This means that acceptors, after receiving values from different proposers, may decide on conflicting values. When the coordinator detects a conflict (value collision), it has to reinitiate a Propose phase to let acceptors converge to a single value.

One of the disadvantages of Fast Paxos is the increased number of round-trips and request latency on collisions if the request rate is high. [JUNQUEIRA07] shows that, due to the increased number of replicas and, subsequently, messages exchanged between the participants, despite a reduced number of steps, Fast Paxos can have higher latencies than its classic counterpart.

Egalitarian Paxos

Using a distinguished proposer as a leader makes a system prone to failures: as soon as the leader fails, the system has to elect a new one before it can proceed with further steps. Another problem is that having a leader can put a disproportionate load on it, impairing system performance.

Note

One of the ways to avoid putting an entire system load on the leader is partitioning. Many systems split the range of possible values into smaller segments and allow a part of the system to be responsible for a specific range without having to worry about the other parts. This helps with availability (by isolating failures to a single partition and preventing propagation to other parts of the system), performance (since segments serving different values are nonoverlapping), and scalability (since we can scale the system by increasing the number of partitions). It is important to keep in mind that performing an operation against multiple partitions will require an atomic commitment.

Instead of using a leader and proposal numbers for sequencing commands, we can use a leader responsible for the commit of the specific command, and establish the order by looking up and setting dependencies. This approach is commonly called Egalitarian Paxos, or EPaxos [MORARU11]. The idea of allowing nonconflicting writes to be committed to the replicated state machine independently was first introduced in [LAMPORT05] and called Generalized Paxos. EPaxos is a first implementation of Generalized Paxos.

EPaxos attempts to offer benefits of both the classic Paxos algorithm and Multi-Paxos. Classic Paxos offers high availability, since a leader is established during each round, but has a higher message complexity. Multi-Paxos offers high throughput and requires fewer messages, but a leader may become a bottleneck.

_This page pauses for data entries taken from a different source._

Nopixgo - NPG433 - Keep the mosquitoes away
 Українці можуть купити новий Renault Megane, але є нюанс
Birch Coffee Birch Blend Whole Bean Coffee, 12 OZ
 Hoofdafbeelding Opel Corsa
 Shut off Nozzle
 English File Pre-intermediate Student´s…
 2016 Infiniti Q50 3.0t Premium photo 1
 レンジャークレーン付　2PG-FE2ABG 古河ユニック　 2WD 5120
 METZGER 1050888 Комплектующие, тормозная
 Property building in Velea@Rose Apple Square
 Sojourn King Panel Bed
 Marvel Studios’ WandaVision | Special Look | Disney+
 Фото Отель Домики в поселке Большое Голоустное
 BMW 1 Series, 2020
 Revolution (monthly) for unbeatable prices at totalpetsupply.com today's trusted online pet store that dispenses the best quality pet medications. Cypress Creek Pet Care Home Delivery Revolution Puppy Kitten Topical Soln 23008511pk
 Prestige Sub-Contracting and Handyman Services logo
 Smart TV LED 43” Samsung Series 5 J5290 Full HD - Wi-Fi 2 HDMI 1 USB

EPaxos starts with a Pre-Accept phase, during which a process becomes a leader for the specific proposal. Every proposal has to include:

Dependencies: All commands that potentially interfere with a current proposal, but are not necessarily already committed.
A sequence number: This breaks cycles between the dependencies. Set it with a value larger than any sequence number of the known dependencies.

After collecting this information, it forwards a Pre-Accept message to a fast quorum of replicas. A fast quorum is ⌈3f/4⌉ replicas, where f is the number of tolerated failures.

Replicas check their local command logs, update the proposal dependencies based on their view of potentially conflicting proposals, and send this information back to the leader. If the leader receives responses from a fast quorum of replicas, and their dependency lists are in agreement with each other and the leader itself, it can commit the command.

If the leader does not receive enough responses or if the command lists received from the replicas differ and contain interfering commands, it updates its proposal with a new dependency list and a sequence number. The new dependency list is based on previous replica responses and combines all collected dependencies. The new sequence number has to be larger than the highest sequence number seen by the replicas. After that, the leader sends the new, updated command to ⌊f/2⌋ + 1 replicas. After this is done, the leader can finally commit the proposal.

Effectively, we have two possible scenarios:

Fast path: When dependencies match and the leader can safely proceed with the commit phase with only a fast quorum of replicas.
Slow path: When there’s a disagreement between the replicas, and their command lists have to be updated before the leader can proceed with a commit.

Figure 14-8 shows these scenarios—P₁ initiating a fast path run, and P₅ initiating a slow path run:

P₁ starts with proposal number 1 and no dependencies, and sends a PreAccept(1, ∅) message. Since the command logs of P₂ and P₃ are empty, P₁ can proceed with a commit.
P₅ creates a proposal with sequence number 2. Since its command log is empty by that point, it also declares no dependencies and sends a PreAccept(2, ∅) message. P₄ is not aware of the committed proposal 1, but P₃ notifies P₅ about the conflict and sends its command log: {1}.
P₅ updates its local dependency list and sends a message to make sure replicas have the same dependencies: Accept(2,{1}). As soon as the replicas respond, it can commit the value.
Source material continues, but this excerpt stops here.